En febrero de 2019 se votó en Cuba un referéndum constitucional. El texto propuesto por el gobierno fue ratificado con un 87% de aceptación, culminando un proceso de reforma iniciado en 2013. En abril de 2019 se proclamó la nueva Constitución, revalidando desde el punto de vista doctrinario la Ley Fundamental de 1959 y la Constitución de 1976. Ello con mayor dogmatismo y puño de hierro totalitario.
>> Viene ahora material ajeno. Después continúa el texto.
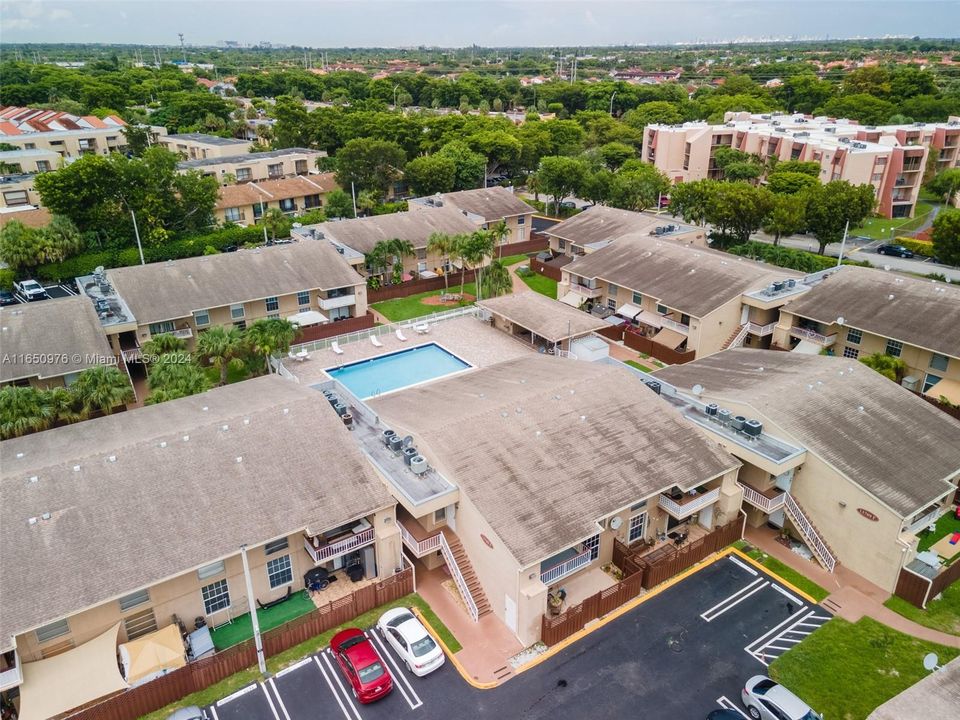 Community pool behind unit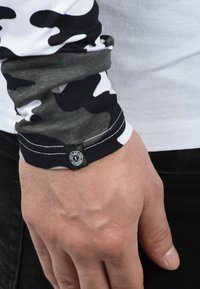 Langarmshirt met een wit en zwart camouflagepatroon. Voorzien van een contrasterende zwarte manchette met een ronde logotag. Zachte katoen stof.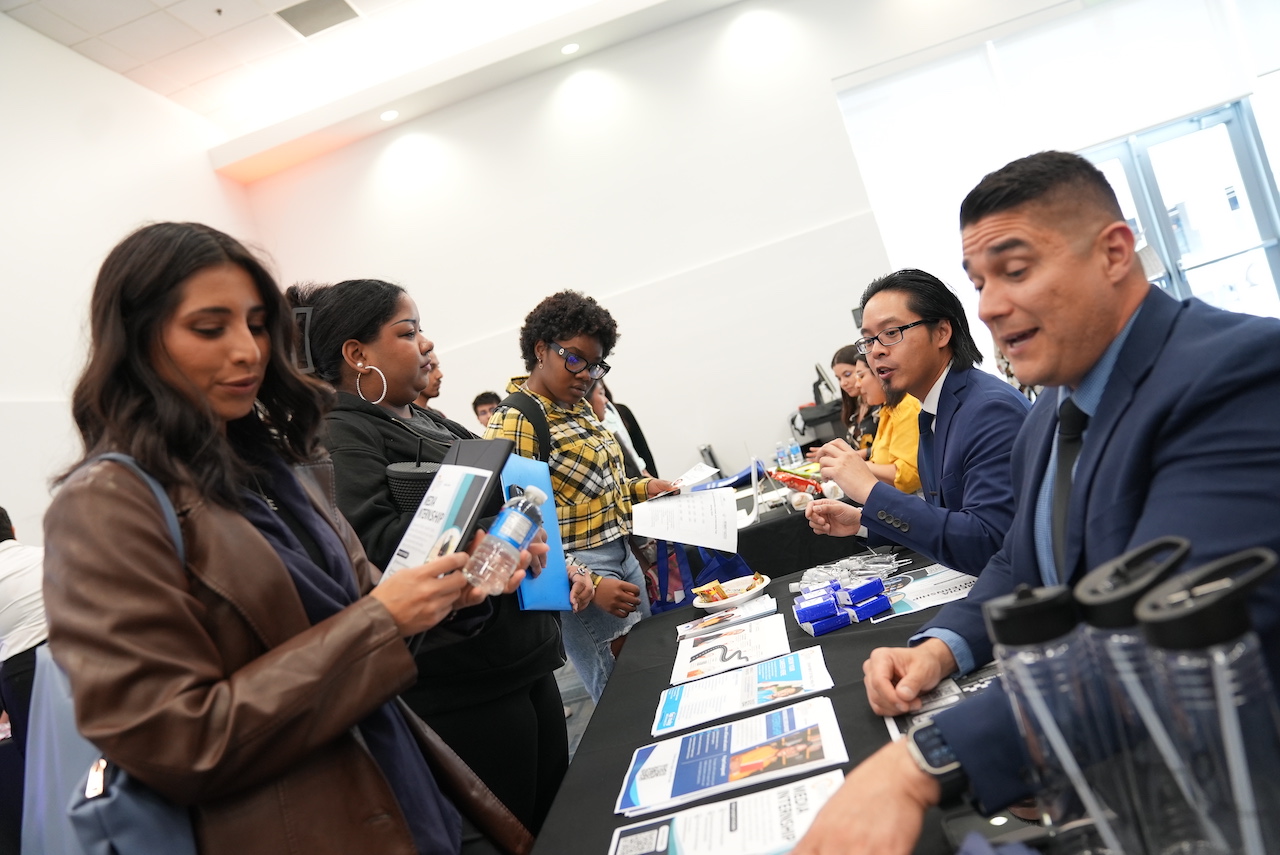 Job fair visitors reviewing information on a table.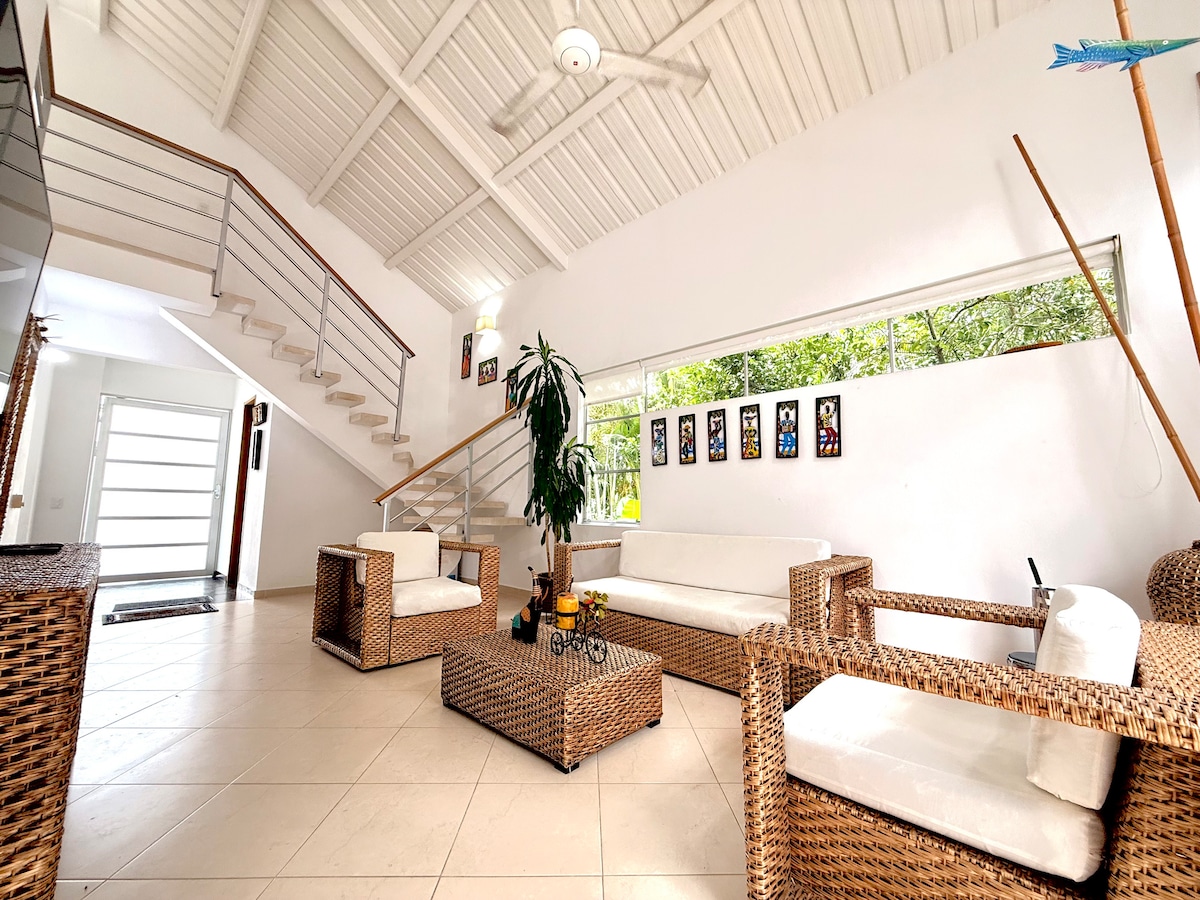 An airy living space is presented with a high, sloped white ceiling and large windows allowing natural light. Woven furniture, including a spacious sofa and armchairs, is arranged around a central coffee table. A staircase is visible in the background, enhancing the open feel of the room.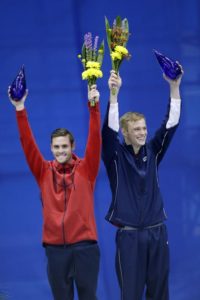 David Boudia, left, and Steele Johnson wave to the crowd after being named to the U.S. Olympic diving team in the men's 10-meter platform at the U.S. Olympic diving trials Sunday, June 26, 2016, in Indianapolis. (AP Photo/AJ Mast)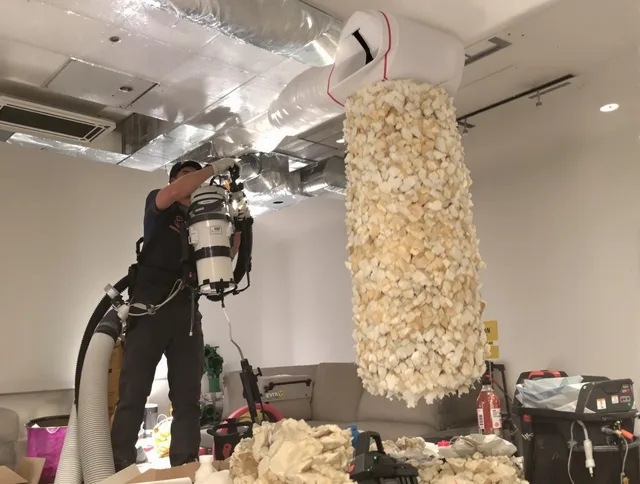 Norton Air Duct Cleaning technician performing precision vacuum insulation removal in a residential property in Norton
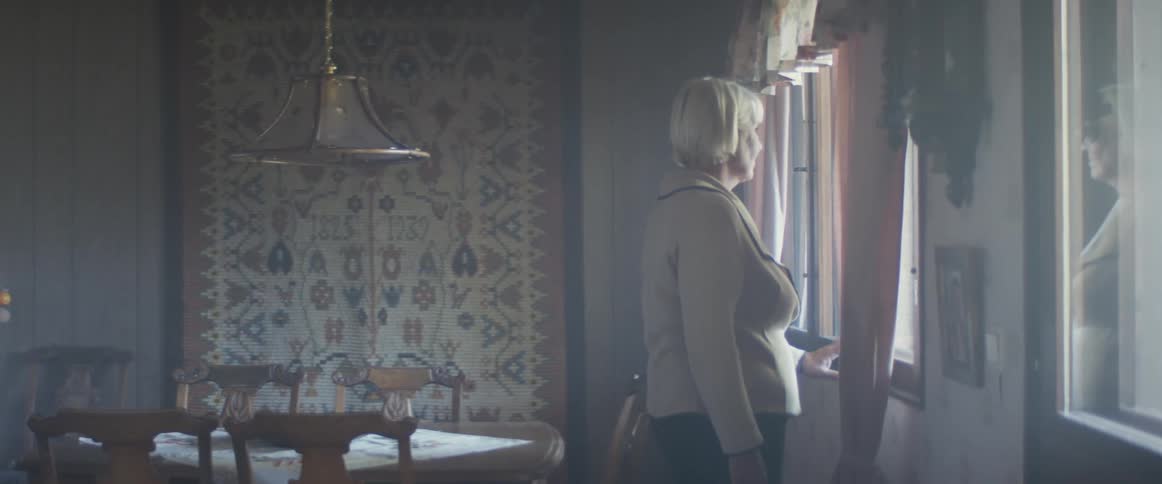 A woman walks from her kitchen and across her living room to look out a window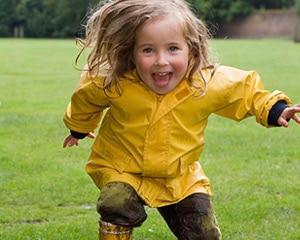 Foto de una niña pequeña corriendo bajo la lluvia con un impermeable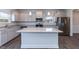 Modern kitchen boasts stainless appliances, granite countertops, and stylish gray cabinets at 111 High Hampton Way, Fuquay Varina, NC 27526
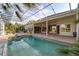 Beautiful covered pool and jacuzzi with view of the yard at 1091 Hampstead Ln, Ormond Beach, FL 32174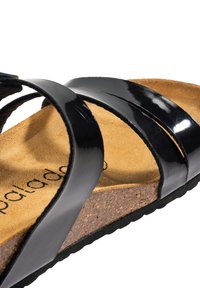 Zwarte gepatineerde leren sandalen met drie brede banden, kurken voetbed en getextureerde tan inlegzool. Duurzame rubberen zool met een subtiel grippatroon.
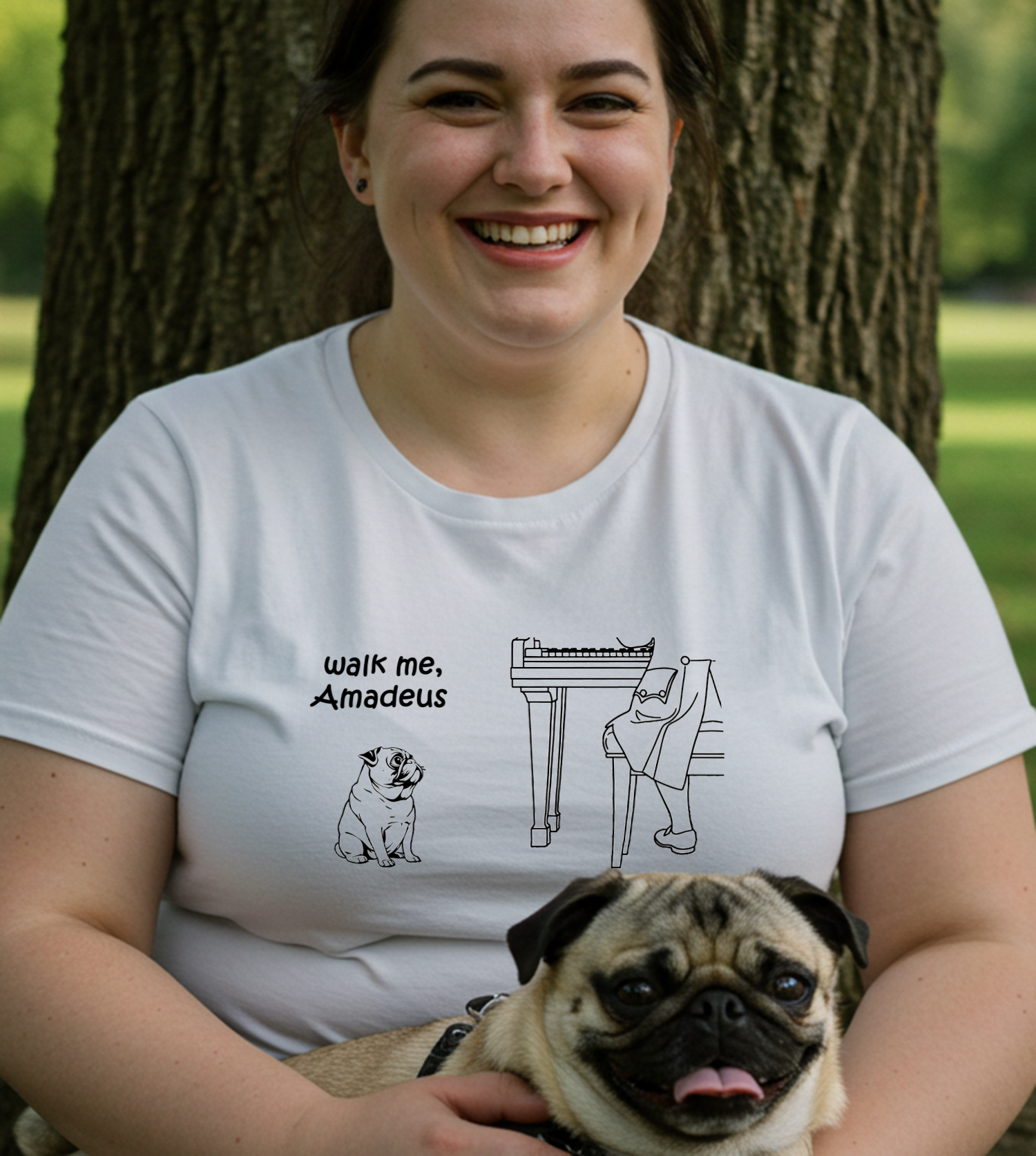 A woman smiling outdoors in front of a tree, wearing a white graphic T-shirt with a black line drawing of a pug and a piano, plus the text 'walk me, Amadeus.' She is holding a pug in a park-like setting.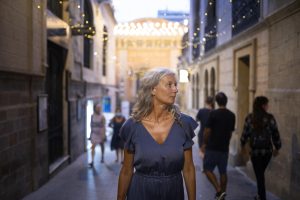 beautiful-mature-woman-spending-time-around-city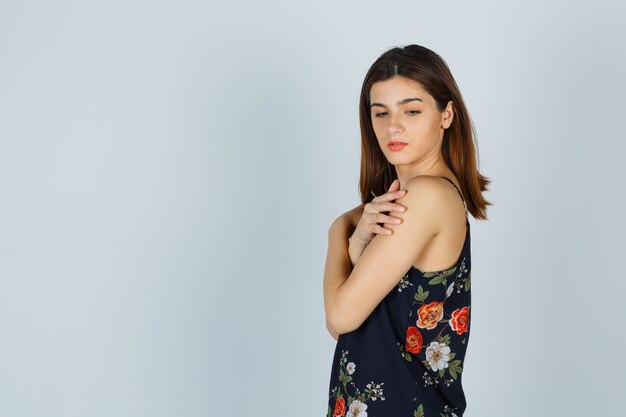 Young lady in blouse posing while touching her arm and looking graceful .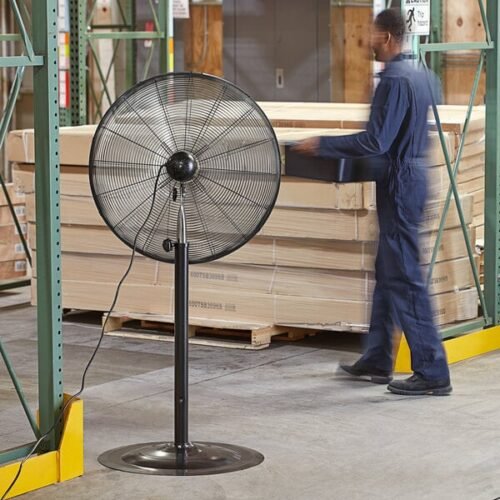 Industrial fan cooling a warehouse space.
Así inicia el profesor universitario y articulista Héctor Schamis su trabajo De jure o de facto: dictaduras de partido único en América Latina publicado en el portal INFOBAE, en el que analiza las dictaduras en América Latina, que se apoyan en elecciones en las que participa un solo partido.
El autor asegura que el proceso en cuestión ratifica el carácter “irrevocable” del socialismo como sistema, que ya había sido sometido a referéndum en 2002. Ahora, sin embargo, el artículo 4 consagra “el derecho de combatir por todos los medios, incluyendo la lucha armada contra cualquiera que intente derribar el orden político, social y económico establecido por esta Constitución”.
El artículo 5, a su vez, coloca al partido por encima del propio Estado—partido “único, martiano, fidelista, marxista y leninista, fuerza política dirigente superior de la sociedad y del Estado”—otorgándole con ello mayor jerarquía que a la propia Constitución. De este modo la Constitución se mutila a sí misma por medio de esta suerte de cesión de poder. Es órgano supremo y ley fundamental para todos excepto para la nomenclatura del PCC, burocracia que incluyó en el texto una clausula de excepción para su beneficio.
Estos dos artículos juridifican el régimen de partido único; exportarlo es la política exterior de La Habana. En el pasado se hacía promoviendo la toma del poder con la receta del foco guerrillero, una extrapolación de Sierra Maestra. Ahora transcurre a través de influir sobre gobiernos surgidos de elecciones aceptablemente competitivas y en países con ordenamientos constitucionales legítimamente democráticos.
Esto es, marcos institucionales con elecciones libres y justas en un régimen plural de partidos, con derechos y garantías individuales, adecuada independencia, equilibrio y límites a los poderes públicos, y respeto al calendario constitucional y las normas relativas a la reelección y la alternancia en el poder.
Si bien de aplicación variada, todas las constituciones de las Américas contienen estos preceptos; excepto la cubana, justamente. Cuando no se genera una rutina de respeto a dicha cadena de requisitos institucionales la resultante es una democracia sin sustancia, un sistema de dominación vaciado de auténtico contenido y ética democrática. Así ha surgido esta suerte de régimen de partido único de facto. Es decir, en los hechos, destaca.
Y bajo auspicio cubano, enfatizo. Evo Morales fue quien le dio entidad a esta realidad al reconocer que su viaje a La Habana en diciembre de 2019 no fue para someterse a tratamiento médico sino para recibir asesoramiento político de Cuba y Venezuela. Se entiende ahora la cooptación del Poder Judicial para perseguir opositores. Jeanine Añez sigue encarcelada y esta misma semana se intensificó el acoso judicial contra el expresidente Carlos Mesa.